----- TASK MATERIAL

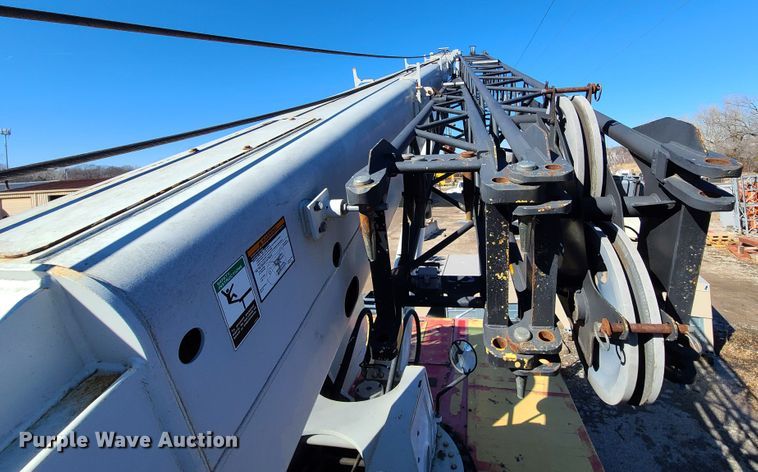 image for item DN6058 2005 Link Belt HSP-8065  crane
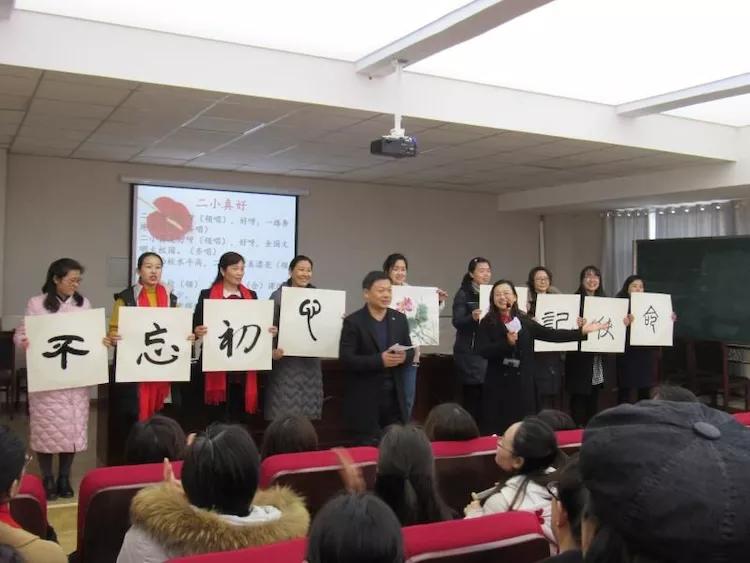 虎跃龙腾迎新春,虎跃龙腾扬帆起航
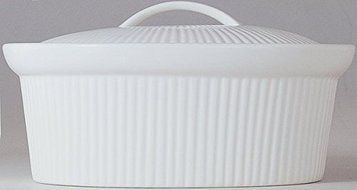 2.5 Qt. Oval Covered Casserole in White N3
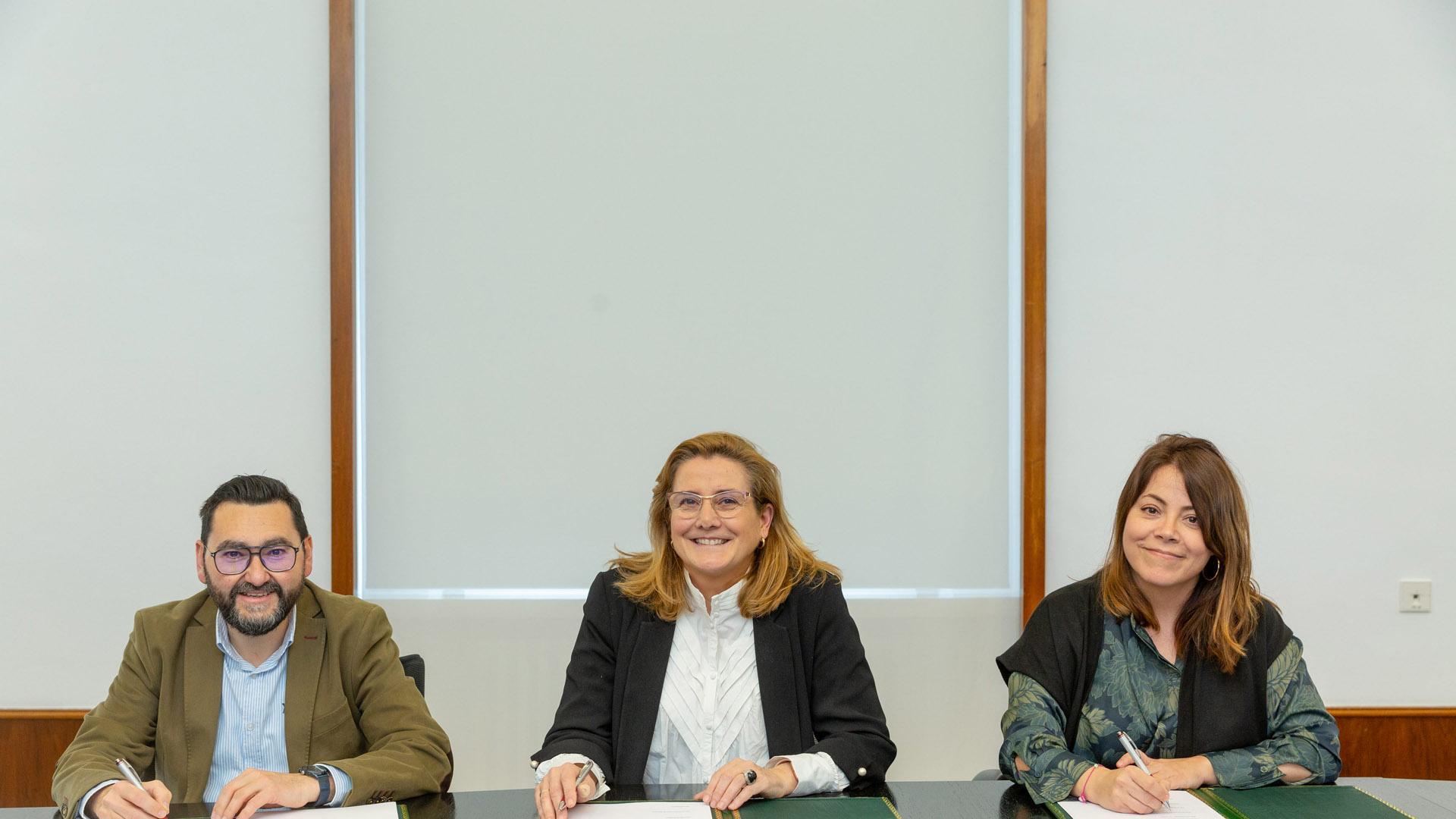 De izquierda a derecha, Jesús María Rodríguez, Rosalía Baena e Izaskun Azcona, durante la firma del convenio.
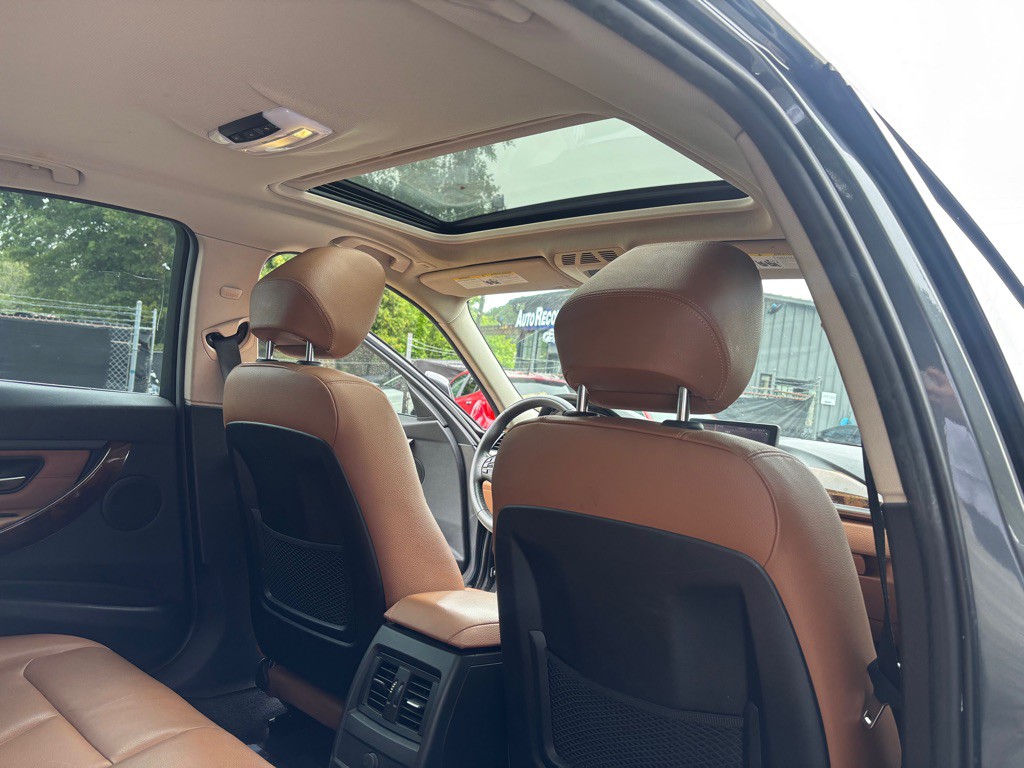 2012 BMW 3 Series Image 27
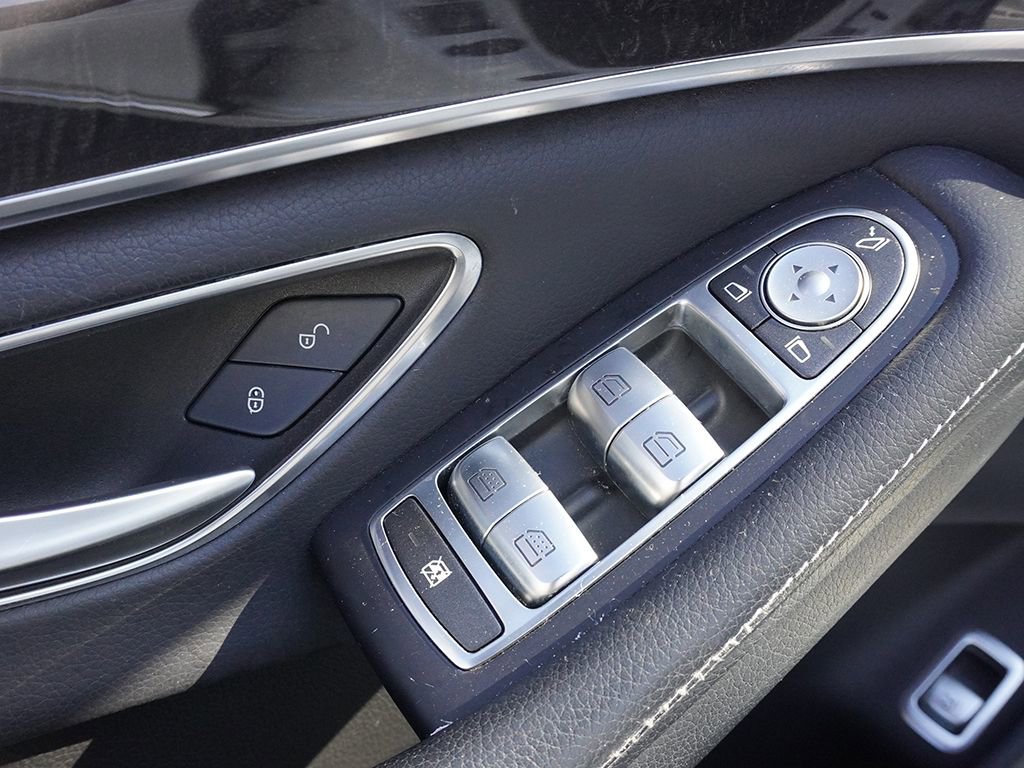 Used 2017 Mercedes-Benz S 550 4MATIC Sedan image 41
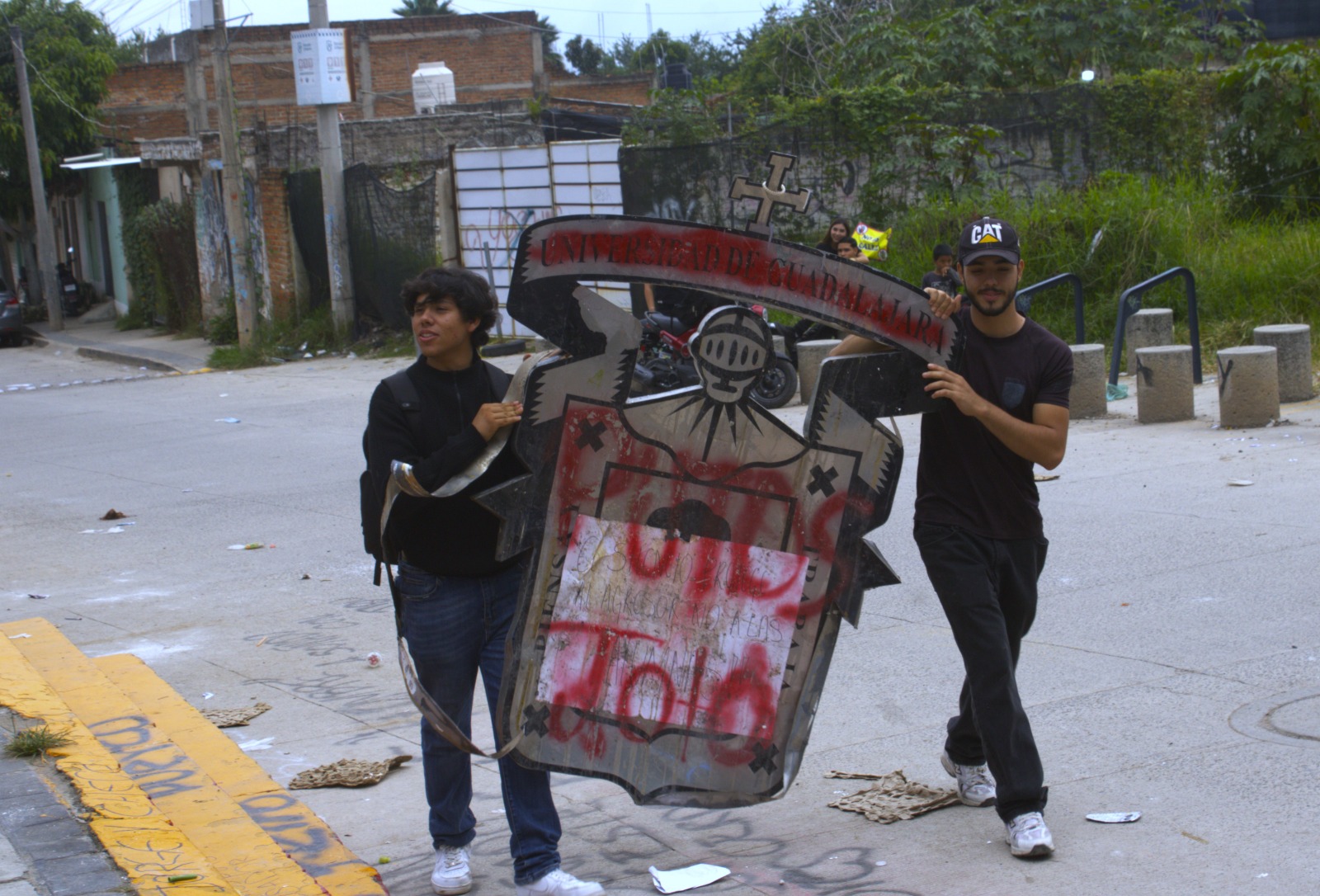 Estudiantes de la Prepa 16 de la UdeG protestan por denuncias de presunto acoso contra un profesor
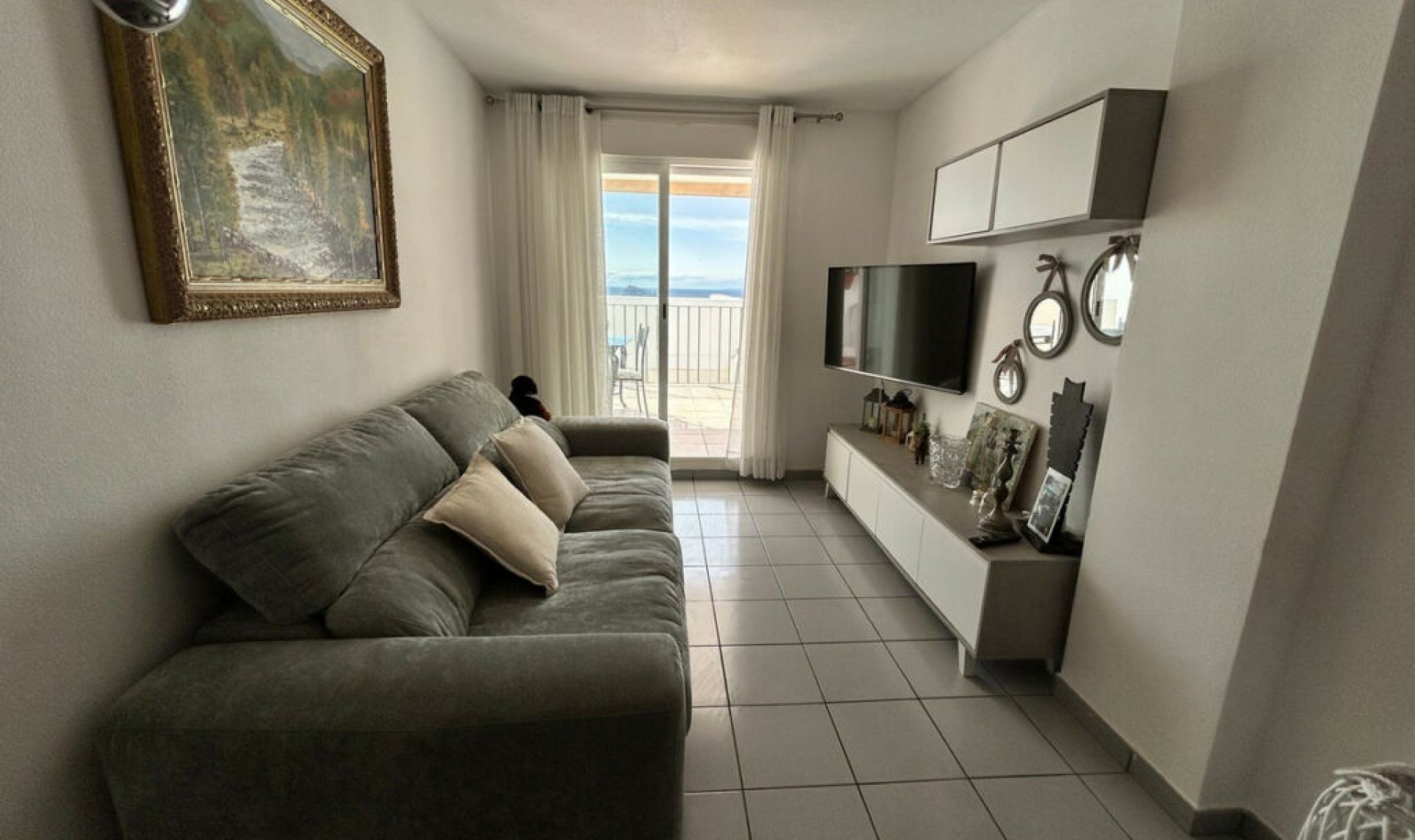 Resale - Apartment -
Benidorm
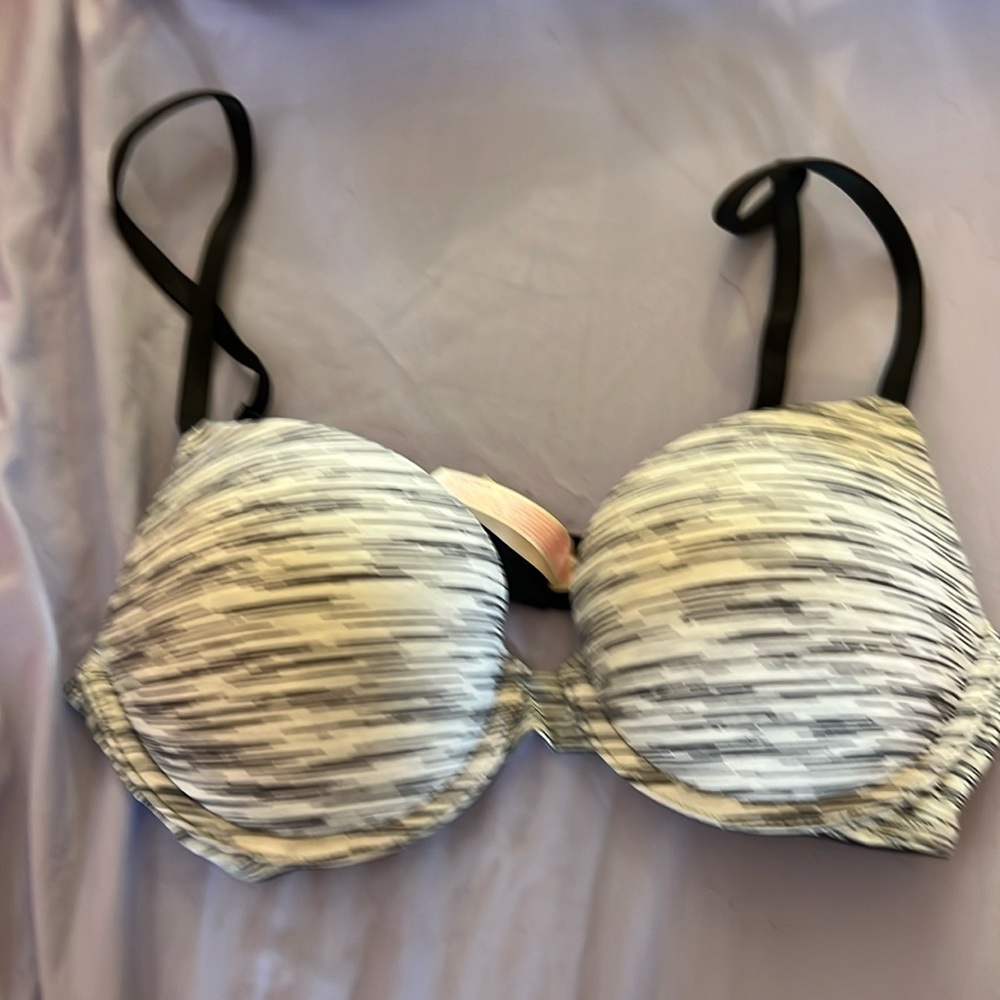 Excellent condition!  Victoria Secret Pink push up bra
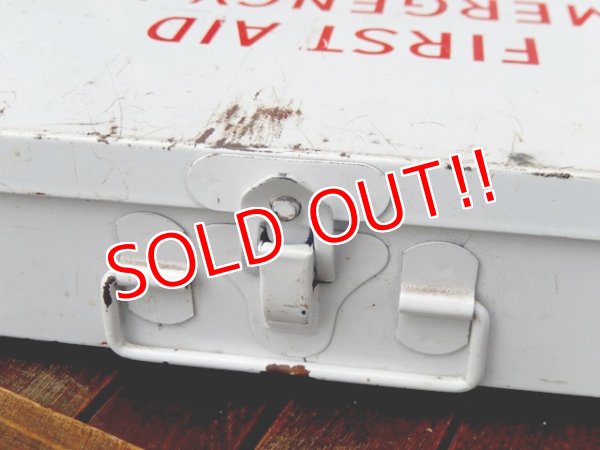 画像8: dp-170422-08 Johnson & Johnson / 60's-70's First Aid Kit Box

----------

> [EXERCISE DETAILS]: Could you write out, word for word, the lines from the one containing "Estudiantes de la" through the last line of the records, leaving out the pictures?

> [EXERCISE RESULT]:
 Estudiantes de la Prepa 16 de la UdeG protestan por denuncias de presunto acoso contra un profesor
 Resale - Apartment -
Benidorm
 Excellent condition!  Victoria Secret Pink push up bra
 画像8: dp-170422-08 Johnson & Johnson / 60's-70's First Aid Kit Box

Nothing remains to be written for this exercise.